Vaughan (2007) s’inscrit dans une ontologie réaliste critique et propose une explication qui permet de mieux comprendre l’influence des circonstances sociales, en reconnaissant que les actions individuelles sont contraintes ou facilitées par le contexte dans lequel elles s’inscrivent. L’auteur définit les désisteurs comme des agents moraux : ils ont le pouvoir d’agir pour changer le cours de leur vie, mais ils le font de façon raisonnée, délibérée et orientée en fonction des projets qu’ils souhaitent réaliser pour devenir la personne qu’ils aspirent à être. En s’appuyant sur le concept de conversation interne (internal conversation, voir Archer, 1995; 2000), il illustre que cette réflexion nait de l’inconfort ressenti face à sa situation actuelle.

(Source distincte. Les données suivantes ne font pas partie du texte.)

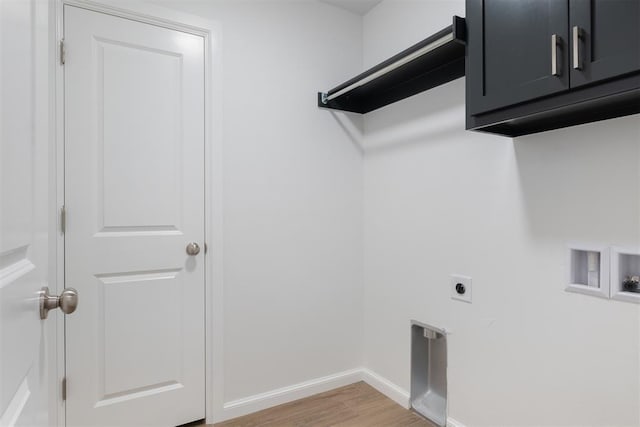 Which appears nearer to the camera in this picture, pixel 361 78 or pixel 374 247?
pixel 361 78

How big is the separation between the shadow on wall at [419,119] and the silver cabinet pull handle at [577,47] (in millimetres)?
730

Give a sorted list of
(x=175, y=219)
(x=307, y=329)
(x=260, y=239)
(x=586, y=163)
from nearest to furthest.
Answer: (x=586, y=163), (x=175, y=219), (x=260, y=239), (x=307, y=329)

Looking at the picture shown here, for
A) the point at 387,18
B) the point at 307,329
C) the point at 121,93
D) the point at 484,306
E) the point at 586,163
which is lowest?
the point at 307,329

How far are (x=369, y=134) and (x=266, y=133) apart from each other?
698 mm

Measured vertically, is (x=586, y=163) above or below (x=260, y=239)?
above

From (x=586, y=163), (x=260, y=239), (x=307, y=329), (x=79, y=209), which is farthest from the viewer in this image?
(x=307, y=329)

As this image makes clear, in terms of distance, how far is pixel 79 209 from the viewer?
5.52ft

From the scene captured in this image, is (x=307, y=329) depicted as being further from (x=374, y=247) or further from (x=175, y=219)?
(x=175, y=219)

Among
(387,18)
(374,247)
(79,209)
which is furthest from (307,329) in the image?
(387,18)

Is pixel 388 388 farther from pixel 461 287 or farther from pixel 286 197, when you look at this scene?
pixel 286 197

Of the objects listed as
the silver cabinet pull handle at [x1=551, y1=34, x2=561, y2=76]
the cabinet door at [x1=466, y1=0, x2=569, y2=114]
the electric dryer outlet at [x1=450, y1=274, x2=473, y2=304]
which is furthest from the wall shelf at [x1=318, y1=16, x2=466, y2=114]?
the electric dryer outlet at [x1=450, y1=274, x2=473, y2=304]

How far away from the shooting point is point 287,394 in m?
2.16

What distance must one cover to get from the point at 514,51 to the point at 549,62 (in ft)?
0.44

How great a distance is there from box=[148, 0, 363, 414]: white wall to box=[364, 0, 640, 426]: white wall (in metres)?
0.17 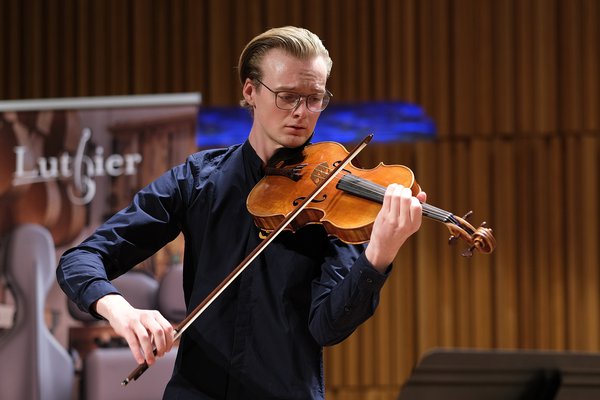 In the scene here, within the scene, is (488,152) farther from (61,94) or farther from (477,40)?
(61,94)

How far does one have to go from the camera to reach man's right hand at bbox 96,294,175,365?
1353 millimetres

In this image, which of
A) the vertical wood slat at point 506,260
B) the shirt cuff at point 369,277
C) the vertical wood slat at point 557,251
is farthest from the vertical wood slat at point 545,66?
the shirt cuff at point 369,277

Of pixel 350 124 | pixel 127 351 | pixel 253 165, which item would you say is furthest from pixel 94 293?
pixel 350 124

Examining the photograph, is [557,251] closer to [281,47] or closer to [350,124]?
[350,124]

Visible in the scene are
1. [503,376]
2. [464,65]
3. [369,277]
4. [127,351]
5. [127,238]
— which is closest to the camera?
[503,376]

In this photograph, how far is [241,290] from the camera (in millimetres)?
1590

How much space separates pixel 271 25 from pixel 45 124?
4.18ft

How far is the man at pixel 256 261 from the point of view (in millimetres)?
1450

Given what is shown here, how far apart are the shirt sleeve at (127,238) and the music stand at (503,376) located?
623mm

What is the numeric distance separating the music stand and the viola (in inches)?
9.3

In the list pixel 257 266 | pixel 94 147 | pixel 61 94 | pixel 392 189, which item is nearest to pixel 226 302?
pixel 257 266

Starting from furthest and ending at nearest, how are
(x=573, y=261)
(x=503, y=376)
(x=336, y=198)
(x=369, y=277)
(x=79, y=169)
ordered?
(x=573, y=261) < (x=79, y=169) < (x=336, y=198) < (x=369, y=277) < (x=503, y=376)

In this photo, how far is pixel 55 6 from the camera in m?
4.26

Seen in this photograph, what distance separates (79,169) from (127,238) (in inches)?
69.6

Elle implique que les désisteurs identifient les différentes options qui s’offrent à eux, évaluent lesquelles sont les plus accessibles, réalistes et susceptibles de les rapprocher de leurs préoccupations ultimes, puis choisissent et s’engagent dans un nouveau cours d’action qui les éloignera de la délinquance et leur permettra de réaliser leurs projets (Vaughan, 2007). Les désisteurs pondèreraient chaque action en fonction des efforts qu’ils évaluent devoir consentir pour la réaliser, c’est-à-dire selon qu’elle soit perçue comme étant plus ou moins réalisable en fonction des ressources auxquelles ils ont accès, mais surtout, selon qu’elle puisse les rapprocher plus ou moins rapidement de leurs buts (Vaughan, 2007). Chaque action pourrait ainsi modifier les circonstances de vie individuelles et sociales des désisteurs et, conséquemment, l’accès aux ressources nécessaires pour atteindre ces buts.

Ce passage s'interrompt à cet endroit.